Dual Deterrence: A New Taiwan Strategy
After an extremely narrow reelection victory, Taiwanese president Chen Shui-bian has revealed his true colors, indicating he will continue to advance the cause of Taiwan's independence. The United States needs to change its approach toward Taiwan to keep Chen's agenda in check and avoid a cross-Strait military conflict.
During the period immediately before the March 20 election, debates raged over whether Chen was stoking Taiwanese nationalism solely to help his electoral chances or out of genuine conviction to lead Taiwan toward independence. After his election victory by less than 30,000 votes, and now that he is free of any future electoral constraints, Chen's intentions are clear. He told the Washington Post in Taipei on Monday, "The fundamental reason I won this presidential election . . . is because there is a rising Taiwan identity and it has been solidified. I think the Beijing authorities should take heed of this fact and accept the reality." Chen added, "I think we have reached an internal consensus that insists upon Taiwan being an independent, sovereign country."
Chen's statements reveal that he has misread his electoral mandate, misread the meaning of sovereignty, and misread attitudes in Beijing and Washington. The United States has a strongly compelling interest in changing its approach toward Taiwan to keep Chen from entangling the United States in a military conflict with China. Because the United States has become less ambiguous in its commitment to Taiwan's defense, any use of Chinese military force will probably provoke an American naval response. Because China will undoubtedly be the first mover in this action-reaction cycle, the United States will not be able to decide upon the timing of the conflict. At stake are thousands of American lives, the economic prosperity of perhaps the entire Asia-Pacific region, the enormous volume of American trade with China and investment in China, and U.S. strategic cooperation with China on North Korea, terrorism, and nonproliferation.
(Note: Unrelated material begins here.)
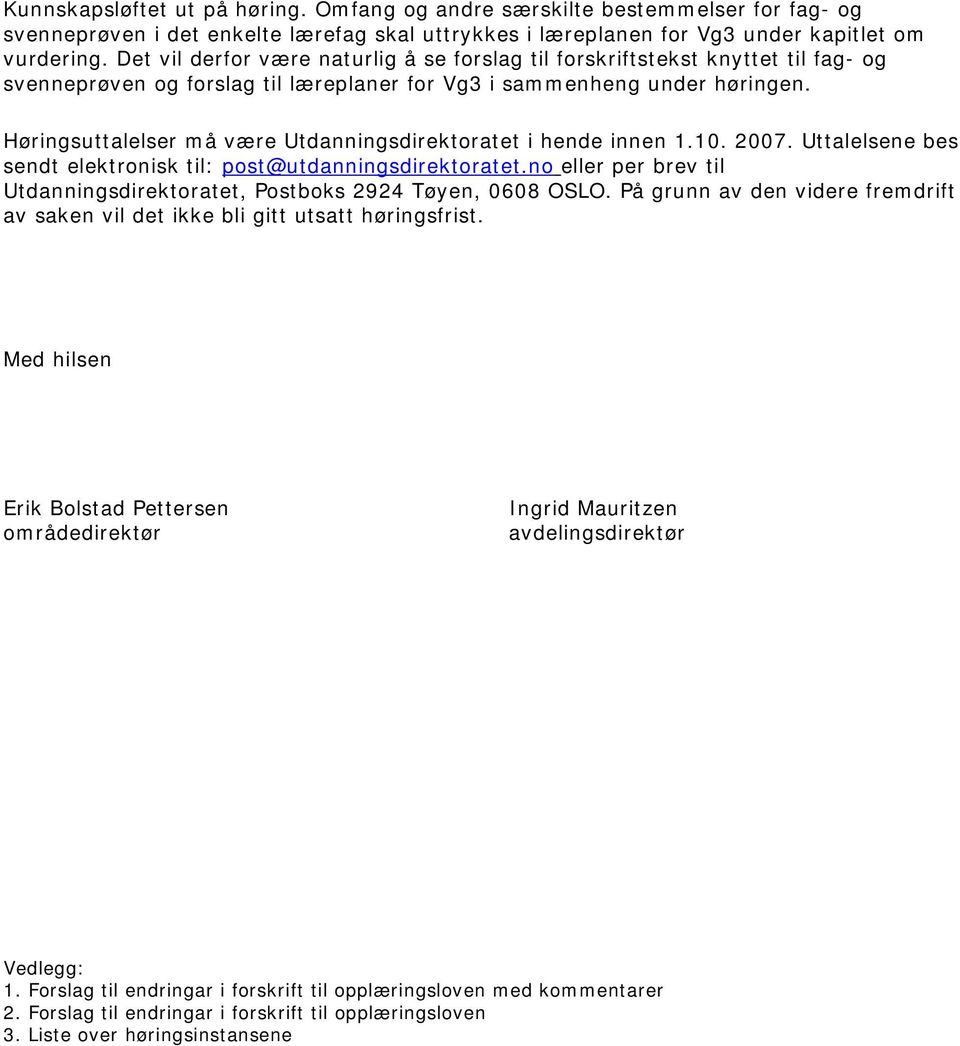 Høringsuttalelser må være Utdanningsdirektoratet i hende innen 1.10. 2007. Uttalelsene bes sendt elektronisk til: post@utdanningsdirektoratet.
These stakes are momentous, but without influence over both Taiwan and China the United States will have little control over events.
The "one China" policy, which acknowledges that Chinese on both sides of the Taiwan Strait believe there is "one China, and that Taiwan is a part of China," has remained the foundation of U.S.-China relations since it was negotiated by Richard Nixon and Henry Kissinger in 1972. After normalization of relations with China in 1979, Congress passed the Taiwan Relations Act to reaffirm Washington's commitment to Taiwanese security. Since 1979, Taiwan has become a fully democratic polity, and has witnessed a historic handover of power to Chen's Democratic Progressive Party. Despite tensions, the "one China" formula has produced a relatively stable cross-Strait environment over the past thirty years.
China's resolve to reunite Taiwan with the mainland, through military force if necessary, should not be understated. The concept of the indivisibility of the Chinese nation has deep historical roots and contemporary political implications. Chinese leaders not only fear the domino effect that the loss of Taiwan could create in Tibet, Xinjiang, Inner Mongolia, and Hong Kong, but also the loss of legitimacy for the Chinese Communist Party (CCP). Few observers of China believe the CCP could survive an independent Taiwan. For the Chinese leadership, compared to the possibility of losing power, military action to prevent the loss of Taiwan is not only possible but probable. Conflict between the United States and China over Taiwan is not inevitable. Perceptions of stability are critical to maintain stability. Beijing is not aiming to reclaim Taiwan immediately, but to maintain reunification as a political option. If Beijing perceives that Taiwan's leadership will never permit reunification, the Chinese leadership could conclude that military force is the only acceptable option.